Toutefois, Magdala n’est pas qu’une œuvre survivaliste austère. Damien Manivel embrasse entièrement la psyché de sa protagoniste, épousant les contours mystérieux d’une spiritualité en construction. Alors que Marie-Madeleine enlace un arbre ordinaire, se matérialisent soudainement au bout de ses lèvres les pieds ensanglantés de Jésus sur la croix. Cette première apparition marque le basculement allégorique d’un long-métrage questionnant les représentations d’une foi chrétienne originelle. Le cinéaste ressuscite une spiritualité préchrétienne dépouillée de tout diktat ecclésiastique. Marie-Madeleine forge son propre culte christique trouvant dans son rapport intime avec Jésus une passerelle émotionnelle entre les temporalités et les réalités. Avec ardeur et délicatesse, Magdala replace l’individu au centre de la notion de spiritualité offrant à sa protagoniste, via la puissance figurative du medium cinématographique, le don de sculpter l’invisible.
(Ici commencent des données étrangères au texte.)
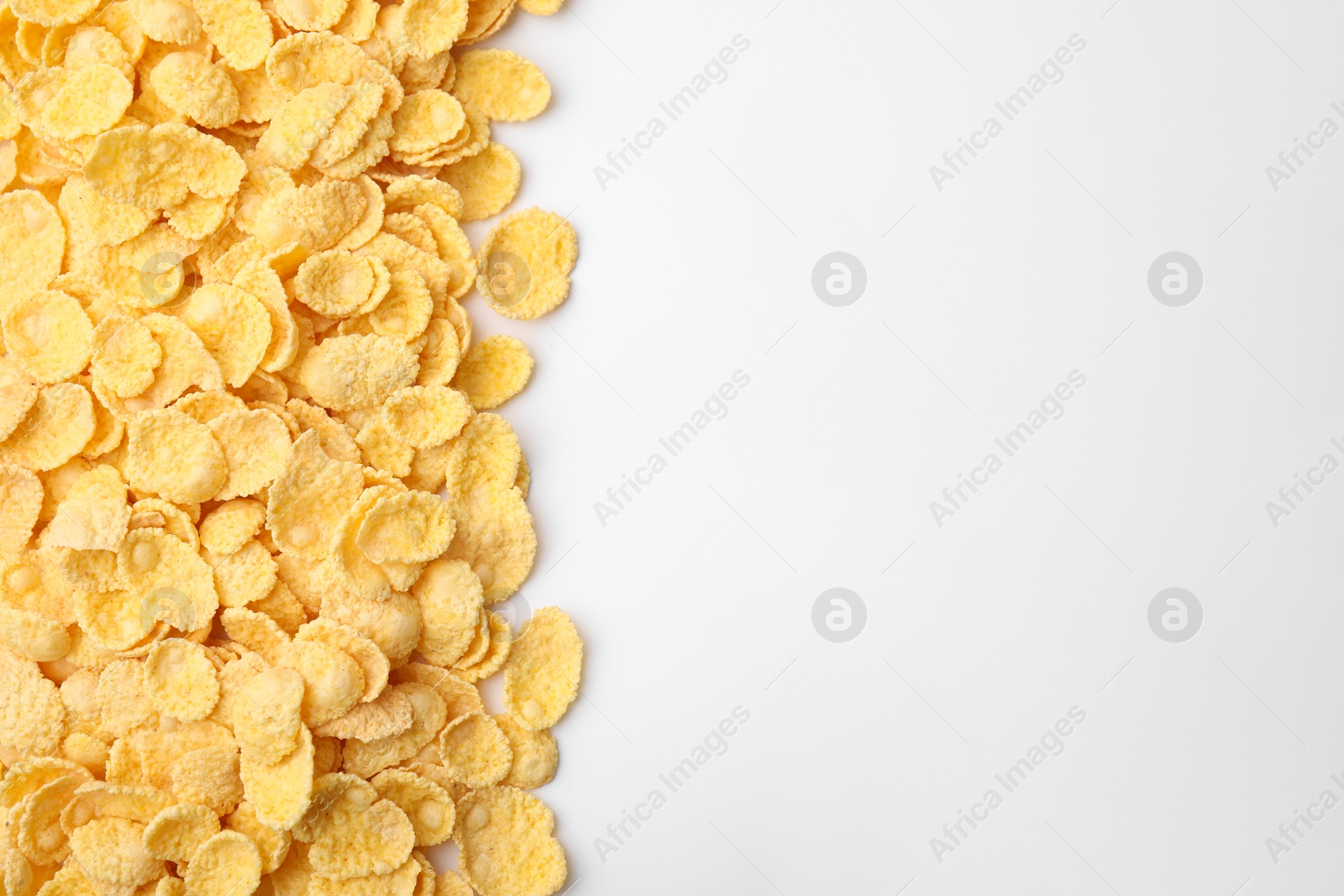 Photo of Breakfast cereal. Tasty corn flakes on white background, flat lay. Space for text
Chez Damien Manivel, la dévotion de Marie-Madeleine est le fruit d’une obsession sentimentale et d’un lyrisme sensuel. Dans Magdala, la frontière entre le désir spirituel et le désir charnel est poreuse. Au crépuscule de son existence, Marie-Madeleine chérit la présence lumineuse et surtout physique d’un homme qu’elle a autant adoré que désiré. Face au vide assourdissant laissé par l’absence de Jésus, elle utilise quelques mots en araméen, « mon amour », pour énoncer ce qui serait une première prière. Face à ce mutisme, le corps de Marie-Madeleine devient le territoire même du deuil. Dans ce chemin de croix littéralement tracé par les frêles croix de bois qu’elle laisse sur son passage, elle atteint de manière absolue son statut de sainte. Jusqu’à un dernier souffle octroyé telle une caresse sous le regard compatissant d’un ange, Magdala incarne la persistance d’un souffle mythologique dans une spiritualité, chrétienne ou non, dont la beauté brute loge dans la possibilité de donner son cœur aux cieux au milieu d’une tempête.